Then there is OpenSUSE Tumbleweed which I guess is pretty good too but it's hard to recommend to noobs because it's sort of esoteric and because you cannot install .deb packages from the internet on it. Finally there are the atomic distros which have the same issues but at least they should break less likely. If you only need software from flathub and what's available in the app store, they're fine.

idk why I wrote this but yes most distros don't "just work"

[–] sunzu2@thebrainbin.org -1 points 1 day ago

No but it is less painful than dealing with microshit slop

[–] Gork@sopuli.xyz 1 points 2 days ago (3 children)

Perhaps a more minimalist setup? There was a post recently about one that uses zero RAM and zero CPU. That might not suit your use case though.

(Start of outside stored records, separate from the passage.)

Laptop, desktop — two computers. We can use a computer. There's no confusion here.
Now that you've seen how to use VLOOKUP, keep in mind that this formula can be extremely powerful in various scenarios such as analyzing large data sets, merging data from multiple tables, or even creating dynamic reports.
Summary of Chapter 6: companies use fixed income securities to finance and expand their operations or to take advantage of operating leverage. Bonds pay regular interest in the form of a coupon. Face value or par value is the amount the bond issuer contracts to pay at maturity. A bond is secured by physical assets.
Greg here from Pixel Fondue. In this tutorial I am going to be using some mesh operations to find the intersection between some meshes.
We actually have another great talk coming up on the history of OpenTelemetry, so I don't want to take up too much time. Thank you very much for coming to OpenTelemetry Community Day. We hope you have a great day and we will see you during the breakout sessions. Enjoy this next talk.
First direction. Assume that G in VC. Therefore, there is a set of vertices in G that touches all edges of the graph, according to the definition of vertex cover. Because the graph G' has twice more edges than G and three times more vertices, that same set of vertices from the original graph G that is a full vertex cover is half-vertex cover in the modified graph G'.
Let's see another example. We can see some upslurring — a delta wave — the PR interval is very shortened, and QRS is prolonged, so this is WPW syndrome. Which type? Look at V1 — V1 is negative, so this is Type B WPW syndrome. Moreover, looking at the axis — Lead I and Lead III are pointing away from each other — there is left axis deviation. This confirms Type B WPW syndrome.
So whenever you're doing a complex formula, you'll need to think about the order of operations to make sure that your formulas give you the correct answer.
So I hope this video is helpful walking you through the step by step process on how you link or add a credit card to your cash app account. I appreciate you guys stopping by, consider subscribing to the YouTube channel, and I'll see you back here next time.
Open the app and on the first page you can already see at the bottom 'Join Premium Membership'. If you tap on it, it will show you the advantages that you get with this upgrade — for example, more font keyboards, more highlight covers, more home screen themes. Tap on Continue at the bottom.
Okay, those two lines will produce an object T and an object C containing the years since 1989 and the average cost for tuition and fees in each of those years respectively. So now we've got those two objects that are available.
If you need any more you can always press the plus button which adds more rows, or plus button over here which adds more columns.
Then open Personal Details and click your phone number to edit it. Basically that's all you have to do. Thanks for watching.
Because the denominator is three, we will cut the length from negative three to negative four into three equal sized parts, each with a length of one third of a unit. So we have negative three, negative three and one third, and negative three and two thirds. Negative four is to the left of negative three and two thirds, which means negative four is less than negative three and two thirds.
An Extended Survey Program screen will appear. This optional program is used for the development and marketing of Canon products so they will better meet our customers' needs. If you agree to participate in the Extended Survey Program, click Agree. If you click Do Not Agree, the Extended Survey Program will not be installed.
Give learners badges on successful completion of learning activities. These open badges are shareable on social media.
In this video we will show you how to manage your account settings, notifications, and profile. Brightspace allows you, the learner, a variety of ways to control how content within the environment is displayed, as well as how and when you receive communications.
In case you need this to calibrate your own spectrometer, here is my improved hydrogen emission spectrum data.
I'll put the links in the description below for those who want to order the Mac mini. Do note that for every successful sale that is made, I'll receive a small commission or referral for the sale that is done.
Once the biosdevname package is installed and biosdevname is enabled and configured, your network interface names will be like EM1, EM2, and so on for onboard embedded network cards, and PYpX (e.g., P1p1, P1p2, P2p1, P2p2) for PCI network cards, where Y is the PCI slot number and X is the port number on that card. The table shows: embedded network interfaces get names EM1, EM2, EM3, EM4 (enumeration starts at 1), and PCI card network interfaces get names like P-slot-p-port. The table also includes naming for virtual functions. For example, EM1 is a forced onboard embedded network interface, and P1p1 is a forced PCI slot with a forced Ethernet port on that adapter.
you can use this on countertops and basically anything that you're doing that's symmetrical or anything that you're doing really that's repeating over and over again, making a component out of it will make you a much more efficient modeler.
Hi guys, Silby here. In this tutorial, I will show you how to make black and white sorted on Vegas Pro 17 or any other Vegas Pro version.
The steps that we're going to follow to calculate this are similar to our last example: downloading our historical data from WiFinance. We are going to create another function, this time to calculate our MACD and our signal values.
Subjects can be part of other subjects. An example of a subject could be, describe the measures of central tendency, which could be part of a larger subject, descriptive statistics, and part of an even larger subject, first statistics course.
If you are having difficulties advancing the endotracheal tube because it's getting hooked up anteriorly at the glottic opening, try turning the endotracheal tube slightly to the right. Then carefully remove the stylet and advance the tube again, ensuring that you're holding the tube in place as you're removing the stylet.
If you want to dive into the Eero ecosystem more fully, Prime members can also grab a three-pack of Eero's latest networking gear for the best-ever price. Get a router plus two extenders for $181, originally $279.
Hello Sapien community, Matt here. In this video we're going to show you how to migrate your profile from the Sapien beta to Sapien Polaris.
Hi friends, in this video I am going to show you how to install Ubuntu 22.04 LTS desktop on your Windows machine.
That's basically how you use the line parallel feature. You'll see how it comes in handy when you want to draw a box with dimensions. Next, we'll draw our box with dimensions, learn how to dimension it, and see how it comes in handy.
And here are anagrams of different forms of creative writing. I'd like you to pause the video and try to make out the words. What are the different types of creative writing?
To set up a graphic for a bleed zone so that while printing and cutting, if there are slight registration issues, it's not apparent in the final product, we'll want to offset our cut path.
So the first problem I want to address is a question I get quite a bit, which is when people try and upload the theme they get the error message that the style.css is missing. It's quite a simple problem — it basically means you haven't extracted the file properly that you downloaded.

load more comments (3 replies)
[–] doritoshave9sides@lemmy.world 1 points 2 days ago

I had a lot of problems with mint. Difficult fir a new user like me. Had to reinstall once i noticed i did not set a su/sudo password so could not do anything :(

[–] Kaigyo@lemmy.world 1 points 2 days ago

The best thing I ever did was use Nvidia prime offloading to move everything to my integrated GPU and have only select GPU intensive applications (like games, video editing) interact with Nvidia.

Never had to deal with weird graphics bugs after that.

[–] beveradb@sh.itjust.works 1 points 2 days ago

Try latest stable Debian (13 Trixie) with Chromium or Firefox - I have no issues personally, though I'm not dealing with an Nvidia graphics card thankfully

[–] brucethemoose@lemmy.world 1 points 2 days ago* (last edited 2 days ago) (1 children)

The issue is you installed Ubuntu with an RTX 3060 and you intend to game, heh.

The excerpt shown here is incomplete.